Despite the upward trend in Bitcoin prices, Citigroup unexpectedly lowered its Bitcoin target price to $31,000, reflecting that delays in U.S. regulatory policies are obstructing breakthroughs in the cryptocurrency market.
Reasons Behind Citigroup's Bitcoin Target Price Adjustment

The current market presents an intriguing phenomenon: the performance of spot prices far exceeds overall market sentiment. However, signals from major financial institutions indicate that the potential for market gains may not be as straightforward as momentum traders expect. Despite a significant gap between spot market prices and the six-figure target prices set by institutions, Citigroup's decision to lower its short-term target rather than raise it is enough to temper some of the more aggressive breakthrough expectations.

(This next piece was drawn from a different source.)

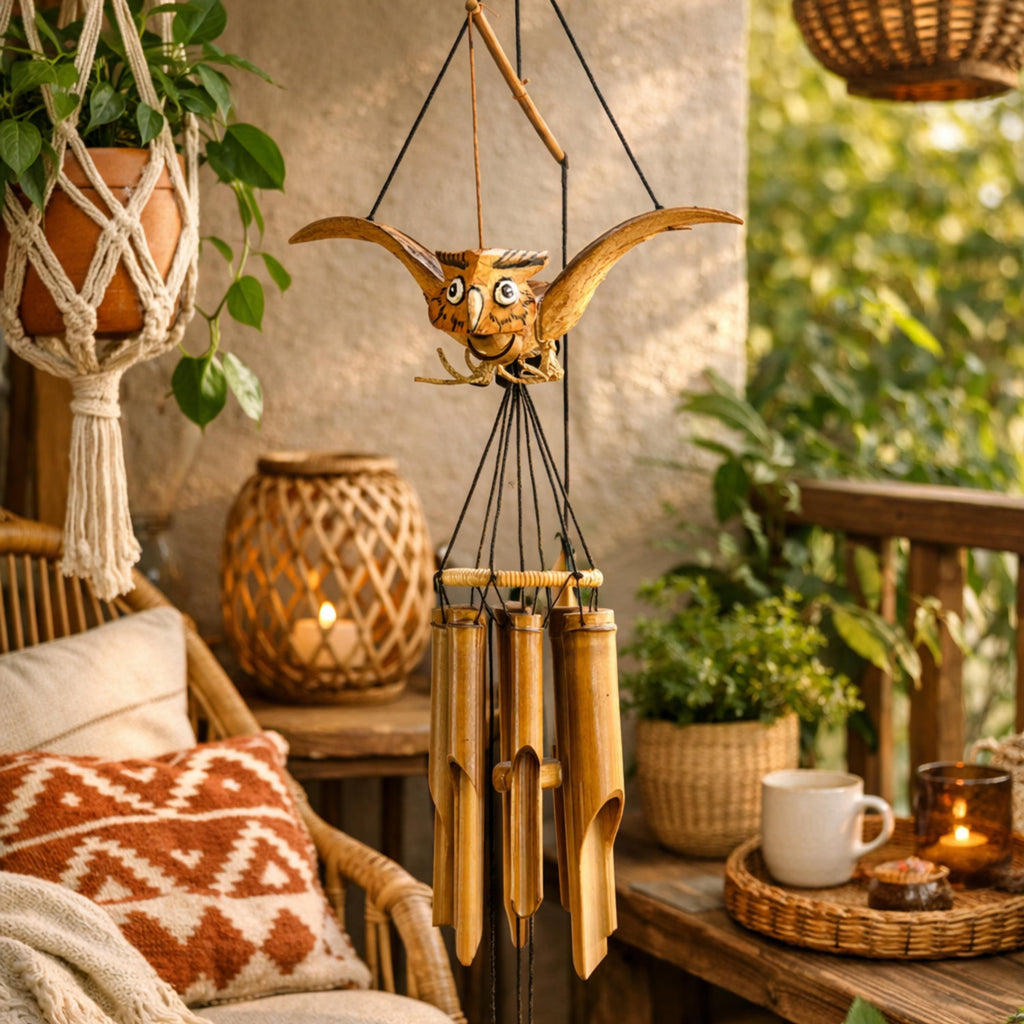 Handcrafted Animated Owl Bamboo Wind Chime | Rustic Outdoor Garden Decor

Washington's Delays Weigh on Sentiment, but Are Not the Sole Trigger for Citigroup's Target Adjustment

While its impact should not be overstated, the overall dynamics in Washington are indeed a real factor influencing market sentiment. Research indicates that U.S. Congressional legislation on cryptocurrencies is stalled during the “Crypto Week” in July 2025, further confirming that delays in U.S. legislation could disrupt the bullish regulatory narrative. This situation aligns with the current market's wait for clearer policy signals to fully reassess the value of cryptocurrencies.
Key Focus Areas for Bitcoin Traders
The current market seems to be in a phase of waiting for confirmation. Traders need to balance strong ETF demand, persistently bullish long-term institutional targets, and widespread unease, while also facing unresolved macroeconomic and policy risks. It is precisely due to the interplay of these factors that a comprehensive breakthrough in cryptocurrencies remains harder to validate than a mere independent strengthening of Bitcoin itself.